Bobby pins have grooves on one side to hold your hair in place better. Crazy notion, huh? The straight side goes face up while grooves go down against your head. They’re called bobby pins because of the bobbed hairstyle, which was popular in the 1920s, though the pins were invented in the 19th century. The look has gone, but the pins remain. Please take them out before you wash your hair as they don’t look great stuck to your fingers.
If you’ve been in a car or a bus and noticed the textured black dots baked into the black edges, you’ve probably worked out that it’s not there for its pretty looks. It’s called frit, a ceramic paint. Its main purpose is to protect the window from ultraviolet rays. It also creates a rough surface for the adhesive to cling to. If you see a pink lump of adhesive in the corner, please do not touch it. It’s actually someone’s old bubblegum.
If you take a look at the bottom of the lock, chances are you’ll see one or two little holes. This is to let water out from the inside that may have been trapped due to rain. This mini draining capability prevents the inner working from rusting over or freezing in place if the weather’s very cold. If in another situation, the lock becomes stuck, you can ease an oil-based product inside to lubricate the lock and get it working again. If you’ve lost the key and want to ease your frustrations, you can yell into the holes.

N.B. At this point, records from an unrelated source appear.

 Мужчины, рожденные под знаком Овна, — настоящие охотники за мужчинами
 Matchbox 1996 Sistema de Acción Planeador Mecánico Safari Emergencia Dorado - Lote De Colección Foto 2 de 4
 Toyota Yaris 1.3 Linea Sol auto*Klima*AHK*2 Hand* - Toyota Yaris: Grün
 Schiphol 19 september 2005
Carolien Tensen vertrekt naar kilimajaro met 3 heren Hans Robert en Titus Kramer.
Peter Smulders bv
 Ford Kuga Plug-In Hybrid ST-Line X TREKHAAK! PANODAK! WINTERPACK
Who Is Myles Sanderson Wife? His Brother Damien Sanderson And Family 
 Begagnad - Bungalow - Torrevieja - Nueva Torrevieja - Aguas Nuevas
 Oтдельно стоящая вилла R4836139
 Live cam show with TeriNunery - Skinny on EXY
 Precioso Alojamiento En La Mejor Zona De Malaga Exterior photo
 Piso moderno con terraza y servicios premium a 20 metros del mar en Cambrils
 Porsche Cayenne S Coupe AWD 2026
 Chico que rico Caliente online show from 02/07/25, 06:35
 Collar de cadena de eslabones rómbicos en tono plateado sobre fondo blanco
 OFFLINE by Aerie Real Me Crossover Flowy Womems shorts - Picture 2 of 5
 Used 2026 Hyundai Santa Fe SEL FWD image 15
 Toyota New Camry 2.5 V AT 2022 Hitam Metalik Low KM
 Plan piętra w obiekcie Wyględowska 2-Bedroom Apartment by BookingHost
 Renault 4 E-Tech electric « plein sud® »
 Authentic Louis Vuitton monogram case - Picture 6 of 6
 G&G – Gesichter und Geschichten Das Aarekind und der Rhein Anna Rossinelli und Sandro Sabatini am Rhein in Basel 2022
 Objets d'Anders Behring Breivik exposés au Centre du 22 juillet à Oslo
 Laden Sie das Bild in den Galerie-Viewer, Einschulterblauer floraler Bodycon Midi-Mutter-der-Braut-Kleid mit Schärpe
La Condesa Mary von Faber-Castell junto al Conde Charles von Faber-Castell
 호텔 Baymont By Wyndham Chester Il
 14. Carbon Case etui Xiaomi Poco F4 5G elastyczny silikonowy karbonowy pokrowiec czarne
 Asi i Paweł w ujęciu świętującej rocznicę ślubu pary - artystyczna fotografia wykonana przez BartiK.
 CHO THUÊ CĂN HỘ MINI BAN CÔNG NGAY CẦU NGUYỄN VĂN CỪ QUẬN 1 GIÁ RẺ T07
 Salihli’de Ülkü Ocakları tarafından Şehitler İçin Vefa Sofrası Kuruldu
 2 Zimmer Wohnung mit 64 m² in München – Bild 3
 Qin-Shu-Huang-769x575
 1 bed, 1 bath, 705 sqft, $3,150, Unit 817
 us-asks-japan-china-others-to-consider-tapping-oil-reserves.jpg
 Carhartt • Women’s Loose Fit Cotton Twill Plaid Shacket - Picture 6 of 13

It won’t do anything to unlock it, but it may help you feel a little better. If it yells back, well hey, I’d run.
Some dress shirts have a fabric loop on the back. You guessed it: it’s used for hanging the shirt up. The loops were reportedly first used in the Navy as it was easy to simply hang them on the wall. During the 1960s in colleges, the fashion of the day was to wear the shirt buttoned all the way to the top, which made them difficult to hang. So, designers began putting the loop on the back. If the student removed the loop, it signified that they were going steady in a relationship. Unless your friend ripped one off for a prank. Now everyone’s asking whom you’re going with. There’s a little more to this story, but we haven’t got time to hang around. And yes, that’s a bad pun. On purpose. It’s what I do.
Ever wondered why coins have those little ridges along the edge? It’s a leftover from earlier times when they were worth more. Counterfeiters could easily file the edges off to sell as gold or silver coins to make some profit. The ridges were created, so it was much easier to tell which of the coins had been altered. It’s not needed today, but the coins still have that altered style. If you ever get really bored, you could try counting how many ridges there are.